**The problem:** Go through the listing below and repeat it exactly, dropping the pictures.

**Data for this exercise:**
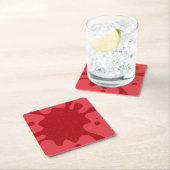 Custom Tomato Red Spritzer Paper Untersetzer (Vor Ort)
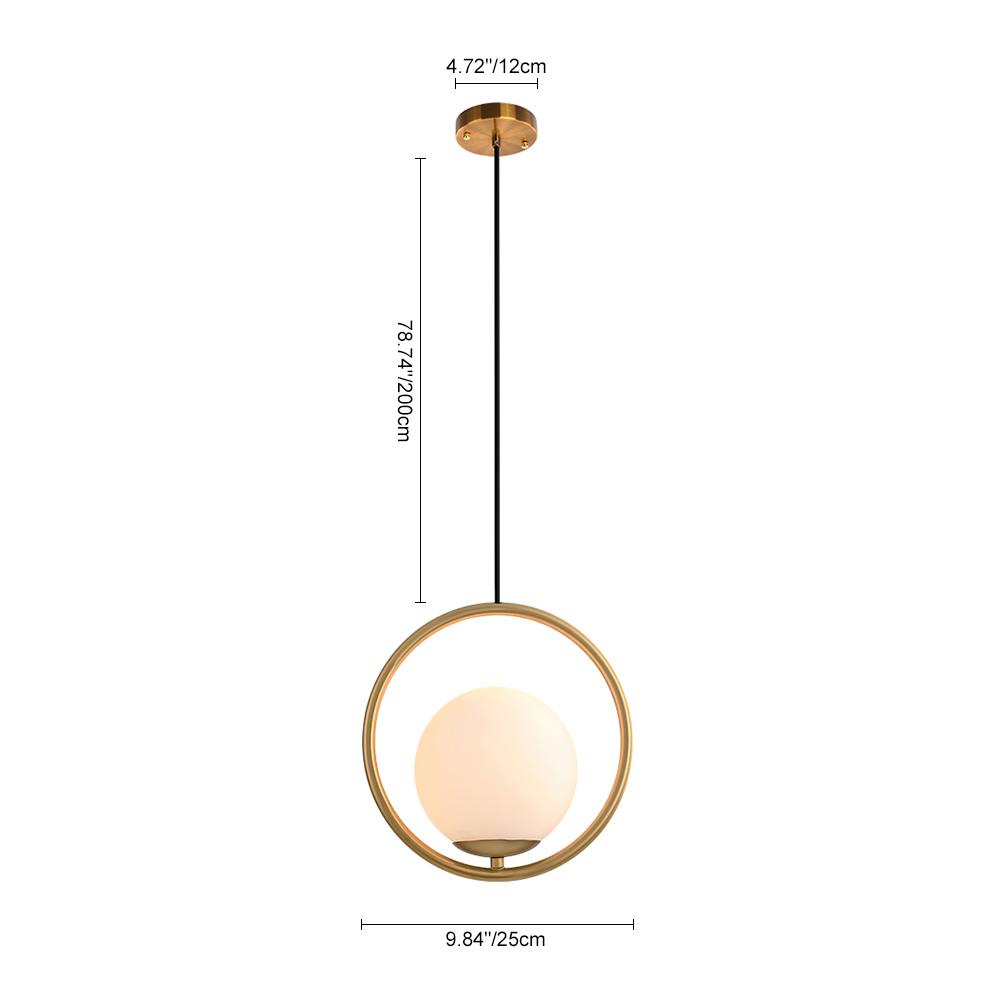 Modern 1-Light Brass Kitchen Pendant Lighting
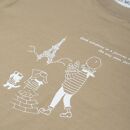 《3》【KEYMEMORY 鎌倉】トラベルイラストTシャツ BEIGE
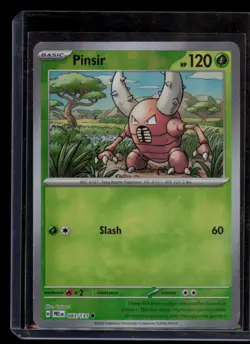 Pinsir (Master Ball Pattern) 003/131 Holo Common Prismatic Evolutions Pokemon NM - Image 1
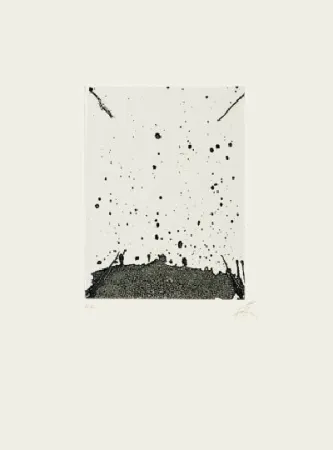 石版画 Tàpies - Clau de foc 19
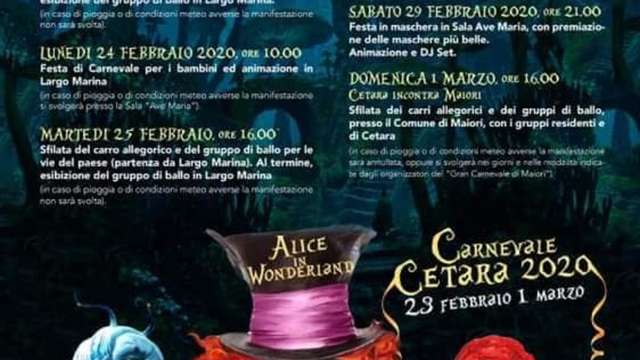 Carnevale Cetara: Alice in Wonderland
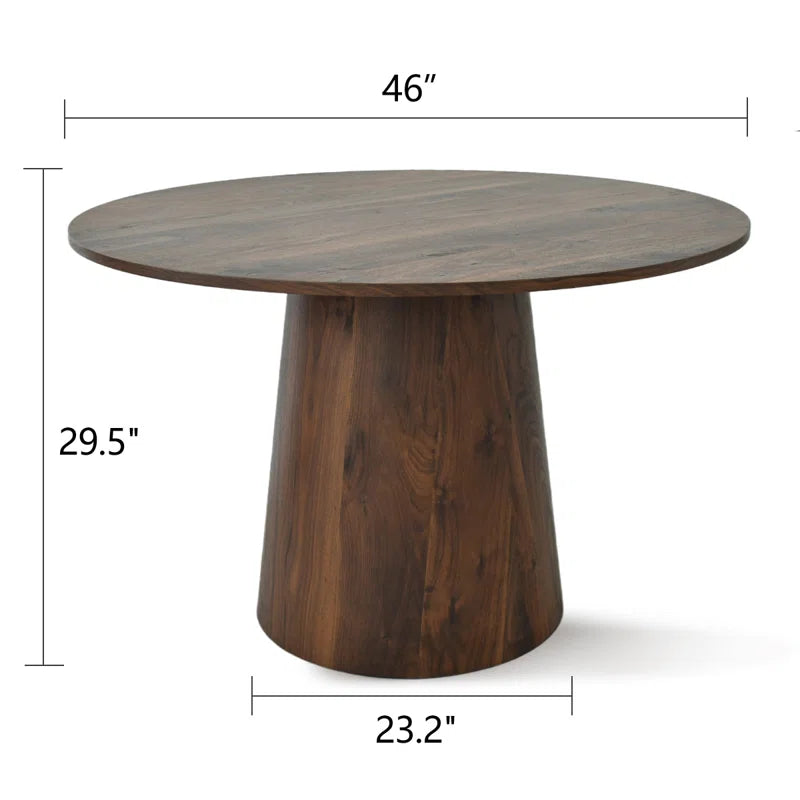 Tivick Round Pedestal Dining Table - Wooden Bazar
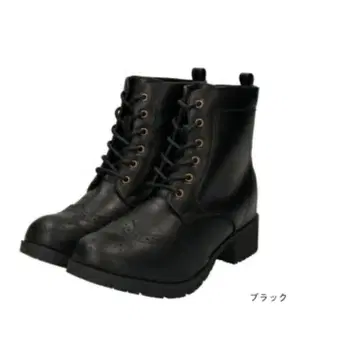 블랙 사이드 지퍼 부츠
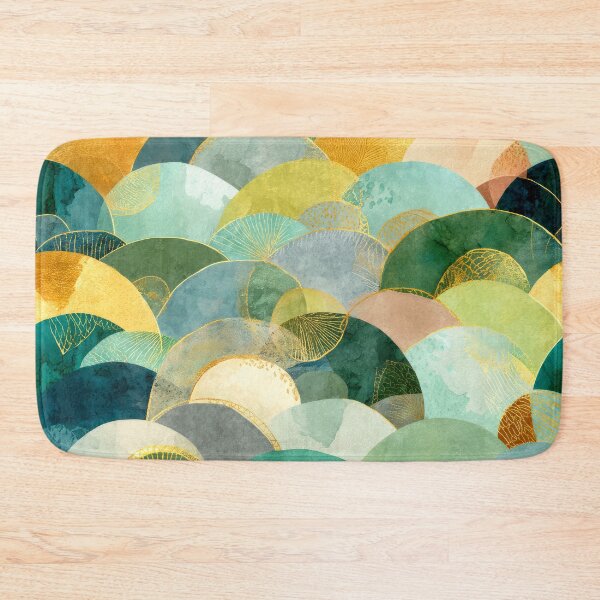 Item preview, Boho-Style Seafoam Green And Golden Designs Pattern designed and sold by DEC02.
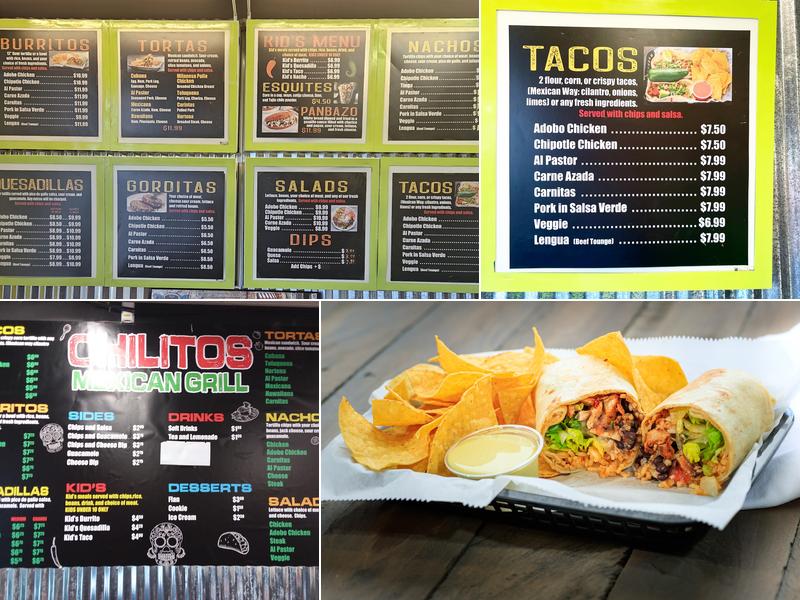 Chilitos Mexican Grill Menu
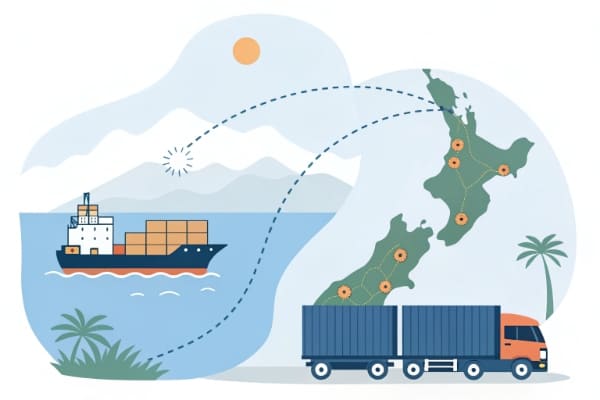 Factors affecting shipping costs to New Zealand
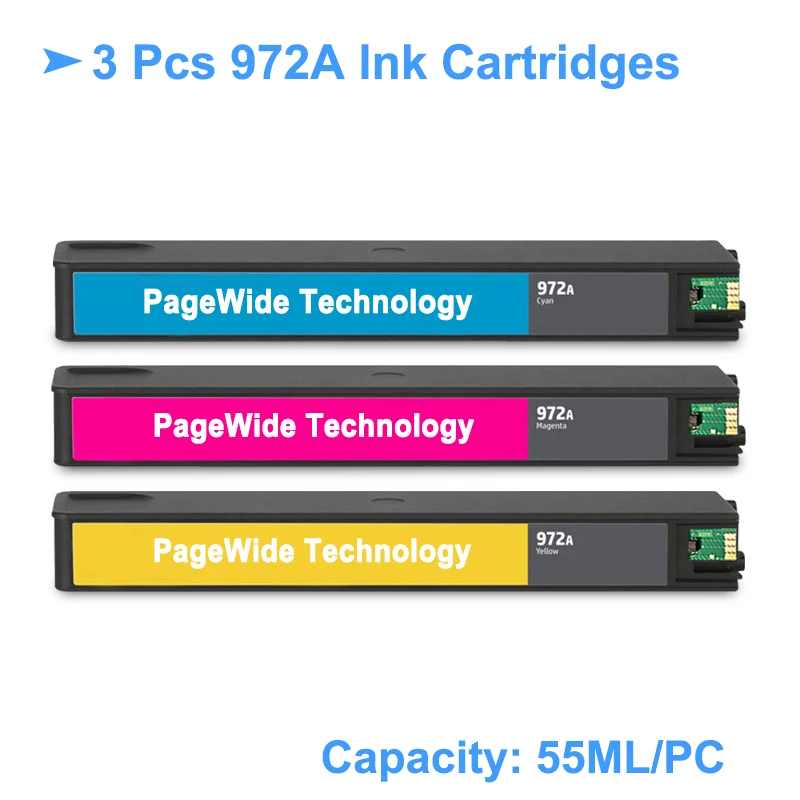 [Сторонний бренд] для HP 972A 972 A сменный чернильный картридж PageWide Pro 352dw 452dn 452dw 377dw 477dn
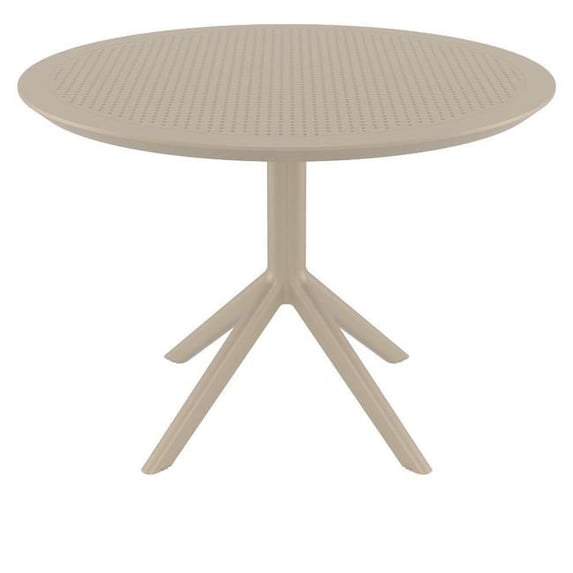 Compamia Sky 42 inch Round Dining Table Taupe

**Answer:**
 Custom Tomato Red Spritzer Paper Untersetzer (Vor Ort)
 Modern 1-Light Brass Kitchen Pendant Lighting
 《3》【KEYMEMORY 鎌倉】トラベルイラストTシャツ BEIGE
 Pinsir (Master Ball Pattern) 003/131 Holo Common Prismatic Evolutions Pokemon NM - Image 1
 石版画 Tàpies - Clau de foc 19
 Carnevale Cetara: Alice in Wonderland
 Tivick Round Pedestal Dining Table - Wooden Bazar
 블랙 사이드 지퍼 부츠
 Item preview, Boho-Style Seafoam Green And Golden Designs Pattern designed and sold by DEC02.
 Chilitos Mexican Grill Menu
 Factors affecting shipping costs to New Zealand
 [Сторонний бренд] для HP 972A 972 A сменный чернильный картридж PageWide Pro 352dw 452dn 452dw 377dw 477dn
 Compamia Sky 42 inch Round Dining Table Taupe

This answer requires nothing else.